WHAT YOU HAVE TO DO —
Quote the entries below from the line with "2019 世界選手権日本代表 集合写真（撮影：西岡浩記）" through the line with "Австралия. Кенгуру на", both ends included, and only those lines.

(Data excerpts)
========================================

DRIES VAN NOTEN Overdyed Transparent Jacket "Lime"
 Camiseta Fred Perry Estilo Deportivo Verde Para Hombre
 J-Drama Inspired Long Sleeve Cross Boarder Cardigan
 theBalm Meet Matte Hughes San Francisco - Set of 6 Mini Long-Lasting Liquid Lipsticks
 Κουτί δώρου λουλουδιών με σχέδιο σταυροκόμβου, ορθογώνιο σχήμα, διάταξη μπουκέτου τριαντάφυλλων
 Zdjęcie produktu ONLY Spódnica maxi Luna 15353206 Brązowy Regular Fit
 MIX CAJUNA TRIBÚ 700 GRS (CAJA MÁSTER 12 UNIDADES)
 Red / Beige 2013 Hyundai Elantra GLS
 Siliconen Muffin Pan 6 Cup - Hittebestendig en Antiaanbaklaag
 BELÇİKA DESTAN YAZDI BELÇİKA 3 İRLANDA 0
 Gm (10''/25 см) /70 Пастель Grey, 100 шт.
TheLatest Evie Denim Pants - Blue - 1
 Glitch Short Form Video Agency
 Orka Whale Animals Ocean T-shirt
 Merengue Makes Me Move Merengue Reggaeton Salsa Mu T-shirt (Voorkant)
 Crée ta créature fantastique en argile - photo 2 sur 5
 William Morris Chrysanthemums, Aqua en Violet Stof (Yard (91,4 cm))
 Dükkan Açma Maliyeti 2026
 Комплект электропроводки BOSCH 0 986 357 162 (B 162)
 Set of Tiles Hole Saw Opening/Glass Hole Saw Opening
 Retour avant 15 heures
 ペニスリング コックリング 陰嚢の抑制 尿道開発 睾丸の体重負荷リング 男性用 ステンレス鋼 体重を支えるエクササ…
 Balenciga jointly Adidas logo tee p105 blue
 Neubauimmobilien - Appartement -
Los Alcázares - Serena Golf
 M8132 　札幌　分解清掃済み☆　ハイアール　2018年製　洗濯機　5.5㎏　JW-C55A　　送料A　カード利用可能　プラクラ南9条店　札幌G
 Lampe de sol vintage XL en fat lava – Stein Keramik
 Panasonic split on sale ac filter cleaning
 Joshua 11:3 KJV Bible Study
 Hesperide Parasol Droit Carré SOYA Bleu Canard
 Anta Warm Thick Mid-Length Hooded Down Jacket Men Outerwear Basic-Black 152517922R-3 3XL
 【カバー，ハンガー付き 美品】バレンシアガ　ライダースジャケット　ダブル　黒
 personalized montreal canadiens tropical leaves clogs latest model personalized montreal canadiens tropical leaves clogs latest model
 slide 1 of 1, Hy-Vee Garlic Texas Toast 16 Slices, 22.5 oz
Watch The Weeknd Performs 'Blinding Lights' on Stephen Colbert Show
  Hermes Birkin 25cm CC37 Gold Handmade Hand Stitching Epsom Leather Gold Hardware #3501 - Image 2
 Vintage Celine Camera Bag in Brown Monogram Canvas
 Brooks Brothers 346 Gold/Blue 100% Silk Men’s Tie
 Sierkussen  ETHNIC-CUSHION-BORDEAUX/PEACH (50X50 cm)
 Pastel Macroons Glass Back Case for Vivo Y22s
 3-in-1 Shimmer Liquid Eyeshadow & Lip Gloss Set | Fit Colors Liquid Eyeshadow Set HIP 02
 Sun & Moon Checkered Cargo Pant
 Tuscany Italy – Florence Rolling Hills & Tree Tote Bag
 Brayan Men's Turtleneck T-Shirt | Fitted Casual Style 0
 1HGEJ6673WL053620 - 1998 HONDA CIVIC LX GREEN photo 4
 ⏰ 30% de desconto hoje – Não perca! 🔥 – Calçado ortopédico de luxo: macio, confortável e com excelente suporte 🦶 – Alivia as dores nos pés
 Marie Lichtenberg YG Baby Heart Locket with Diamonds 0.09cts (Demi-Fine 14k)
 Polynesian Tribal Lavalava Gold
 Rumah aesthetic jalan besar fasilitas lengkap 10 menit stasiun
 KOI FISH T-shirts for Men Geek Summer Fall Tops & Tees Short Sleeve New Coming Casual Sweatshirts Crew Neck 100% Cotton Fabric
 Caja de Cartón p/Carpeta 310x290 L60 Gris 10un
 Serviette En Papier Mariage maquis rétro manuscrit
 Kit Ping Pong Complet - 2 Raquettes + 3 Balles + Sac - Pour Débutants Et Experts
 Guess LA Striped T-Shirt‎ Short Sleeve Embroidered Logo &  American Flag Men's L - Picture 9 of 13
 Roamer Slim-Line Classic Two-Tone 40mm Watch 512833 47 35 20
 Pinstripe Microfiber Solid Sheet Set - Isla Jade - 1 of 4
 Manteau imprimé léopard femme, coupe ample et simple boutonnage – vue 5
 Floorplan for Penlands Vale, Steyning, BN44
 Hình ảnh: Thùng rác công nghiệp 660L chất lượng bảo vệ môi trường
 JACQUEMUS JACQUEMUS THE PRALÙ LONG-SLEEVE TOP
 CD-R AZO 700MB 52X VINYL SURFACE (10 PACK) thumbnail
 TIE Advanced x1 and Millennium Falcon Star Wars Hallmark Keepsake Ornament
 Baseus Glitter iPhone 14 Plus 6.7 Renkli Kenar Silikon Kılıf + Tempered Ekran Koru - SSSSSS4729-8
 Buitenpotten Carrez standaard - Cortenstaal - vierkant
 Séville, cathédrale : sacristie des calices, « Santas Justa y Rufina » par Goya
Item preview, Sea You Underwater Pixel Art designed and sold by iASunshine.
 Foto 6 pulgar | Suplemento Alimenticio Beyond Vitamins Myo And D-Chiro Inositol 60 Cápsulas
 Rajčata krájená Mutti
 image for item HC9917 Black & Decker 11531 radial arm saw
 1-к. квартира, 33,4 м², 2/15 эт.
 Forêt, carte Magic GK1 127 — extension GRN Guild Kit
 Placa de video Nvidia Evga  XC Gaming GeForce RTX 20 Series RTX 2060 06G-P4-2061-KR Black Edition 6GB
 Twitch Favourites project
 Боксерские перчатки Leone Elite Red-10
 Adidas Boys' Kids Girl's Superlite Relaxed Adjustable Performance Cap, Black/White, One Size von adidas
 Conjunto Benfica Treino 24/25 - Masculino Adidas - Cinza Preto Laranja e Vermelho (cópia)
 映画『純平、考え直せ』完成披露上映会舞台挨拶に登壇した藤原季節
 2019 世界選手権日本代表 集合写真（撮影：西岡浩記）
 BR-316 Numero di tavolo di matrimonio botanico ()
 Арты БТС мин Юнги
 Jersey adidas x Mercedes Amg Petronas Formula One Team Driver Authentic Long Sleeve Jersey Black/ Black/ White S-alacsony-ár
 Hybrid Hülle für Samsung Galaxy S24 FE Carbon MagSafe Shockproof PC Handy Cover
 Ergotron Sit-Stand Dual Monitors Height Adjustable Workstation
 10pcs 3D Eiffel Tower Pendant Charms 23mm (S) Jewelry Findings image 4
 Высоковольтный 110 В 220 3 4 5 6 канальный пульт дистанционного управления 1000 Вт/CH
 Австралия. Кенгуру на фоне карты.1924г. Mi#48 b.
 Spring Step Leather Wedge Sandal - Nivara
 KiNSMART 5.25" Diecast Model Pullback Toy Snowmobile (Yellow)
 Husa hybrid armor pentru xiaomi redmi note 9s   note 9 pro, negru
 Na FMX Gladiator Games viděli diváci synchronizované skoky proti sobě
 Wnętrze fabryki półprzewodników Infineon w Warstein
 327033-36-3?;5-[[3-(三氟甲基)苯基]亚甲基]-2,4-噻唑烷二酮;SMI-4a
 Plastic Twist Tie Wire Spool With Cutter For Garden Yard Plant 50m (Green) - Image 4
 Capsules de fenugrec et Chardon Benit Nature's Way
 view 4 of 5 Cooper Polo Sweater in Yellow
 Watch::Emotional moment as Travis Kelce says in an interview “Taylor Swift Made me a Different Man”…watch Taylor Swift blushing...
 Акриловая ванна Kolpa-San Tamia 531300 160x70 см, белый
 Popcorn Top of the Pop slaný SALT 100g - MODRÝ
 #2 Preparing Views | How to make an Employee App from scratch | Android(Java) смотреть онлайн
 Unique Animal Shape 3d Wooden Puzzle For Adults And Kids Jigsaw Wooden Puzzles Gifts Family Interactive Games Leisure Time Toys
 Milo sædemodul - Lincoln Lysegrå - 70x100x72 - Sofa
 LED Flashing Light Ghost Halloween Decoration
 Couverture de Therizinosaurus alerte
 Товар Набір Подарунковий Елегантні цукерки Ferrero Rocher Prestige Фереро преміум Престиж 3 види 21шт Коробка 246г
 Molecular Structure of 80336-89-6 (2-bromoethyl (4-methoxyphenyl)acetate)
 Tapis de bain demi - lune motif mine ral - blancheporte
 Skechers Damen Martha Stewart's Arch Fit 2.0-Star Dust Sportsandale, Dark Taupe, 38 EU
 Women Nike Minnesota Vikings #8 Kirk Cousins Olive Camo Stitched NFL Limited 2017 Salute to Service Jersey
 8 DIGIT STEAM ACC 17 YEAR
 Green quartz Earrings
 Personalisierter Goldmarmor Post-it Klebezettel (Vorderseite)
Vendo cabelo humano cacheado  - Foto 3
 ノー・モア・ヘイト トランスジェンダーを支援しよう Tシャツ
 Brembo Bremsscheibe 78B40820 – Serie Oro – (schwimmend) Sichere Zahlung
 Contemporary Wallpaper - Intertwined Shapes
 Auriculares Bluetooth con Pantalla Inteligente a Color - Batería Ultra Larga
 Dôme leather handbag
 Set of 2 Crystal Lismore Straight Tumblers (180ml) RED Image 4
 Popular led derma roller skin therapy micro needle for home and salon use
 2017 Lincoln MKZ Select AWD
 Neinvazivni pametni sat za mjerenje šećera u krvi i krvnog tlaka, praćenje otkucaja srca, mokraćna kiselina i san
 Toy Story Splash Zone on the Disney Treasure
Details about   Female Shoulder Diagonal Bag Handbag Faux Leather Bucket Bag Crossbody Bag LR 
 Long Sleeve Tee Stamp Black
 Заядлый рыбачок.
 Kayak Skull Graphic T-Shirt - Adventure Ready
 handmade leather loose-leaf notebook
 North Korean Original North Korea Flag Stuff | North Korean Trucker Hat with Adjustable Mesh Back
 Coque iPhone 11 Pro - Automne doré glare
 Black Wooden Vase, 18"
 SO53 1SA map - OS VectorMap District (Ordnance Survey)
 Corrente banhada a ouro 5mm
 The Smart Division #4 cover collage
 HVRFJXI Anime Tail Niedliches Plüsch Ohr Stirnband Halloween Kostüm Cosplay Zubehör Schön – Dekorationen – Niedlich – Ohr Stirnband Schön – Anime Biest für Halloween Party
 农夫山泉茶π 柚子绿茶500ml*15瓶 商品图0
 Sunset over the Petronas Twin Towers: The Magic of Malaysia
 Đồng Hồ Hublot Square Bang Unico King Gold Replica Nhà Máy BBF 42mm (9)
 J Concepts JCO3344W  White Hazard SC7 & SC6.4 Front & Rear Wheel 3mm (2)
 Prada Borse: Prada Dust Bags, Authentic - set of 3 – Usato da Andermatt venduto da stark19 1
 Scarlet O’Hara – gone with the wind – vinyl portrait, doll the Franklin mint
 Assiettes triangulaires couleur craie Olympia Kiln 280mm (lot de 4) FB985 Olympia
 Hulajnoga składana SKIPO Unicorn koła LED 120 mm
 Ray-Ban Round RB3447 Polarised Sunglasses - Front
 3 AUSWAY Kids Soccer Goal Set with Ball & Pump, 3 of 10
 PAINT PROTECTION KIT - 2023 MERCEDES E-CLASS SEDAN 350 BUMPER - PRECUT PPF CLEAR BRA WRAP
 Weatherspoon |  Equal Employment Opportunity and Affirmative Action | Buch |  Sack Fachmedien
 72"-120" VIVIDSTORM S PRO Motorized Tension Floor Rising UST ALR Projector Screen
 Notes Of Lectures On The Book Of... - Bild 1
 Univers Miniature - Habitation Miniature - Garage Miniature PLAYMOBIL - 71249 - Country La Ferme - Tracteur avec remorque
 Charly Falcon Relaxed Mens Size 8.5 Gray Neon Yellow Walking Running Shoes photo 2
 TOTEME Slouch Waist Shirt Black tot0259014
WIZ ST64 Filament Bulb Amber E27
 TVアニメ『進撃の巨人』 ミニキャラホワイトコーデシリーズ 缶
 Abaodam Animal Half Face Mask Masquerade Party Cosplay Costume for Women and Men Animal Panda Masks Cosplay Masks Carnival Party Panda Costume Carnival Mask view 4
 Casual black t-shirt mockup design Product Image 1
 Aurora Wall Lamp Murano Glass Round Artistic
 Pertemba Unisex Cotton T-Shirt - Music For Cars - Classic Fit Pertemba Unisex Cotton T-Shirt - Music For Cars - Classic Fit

========================================

COMPLETED EXERCISE —
 2019 世界選手権日本代表 集合写真（撮影：西岡浩記）
 BR-316 Numero di tavolo di matrimonio botanico ()
 Арты БТС мин Юнги
 Jersey adidas x Mercedes Amg Petronas Formula One Team Driver Authentic Long Sleeve Jersey Black/ Black/ White S-alacsony-ár
 Hybrid Hülle für Samsung Galaxy S24 FE Carbon MagSafe Shockproof PC Handy Cover
 Ergotron Sit-Stand Dual Monitors Height Adjustable Workstation
 10pcs 3D Eiffel Tower Pendant Charms 23mm (S) Jewelry Findings image 4
 Высоковольтный 110 В 220 3 4 5 6 канальный пульт дистанционного управления 1000 Вт/CH
 Австралия. Кенгуру на фоне карты.1924г. Mi#48 b.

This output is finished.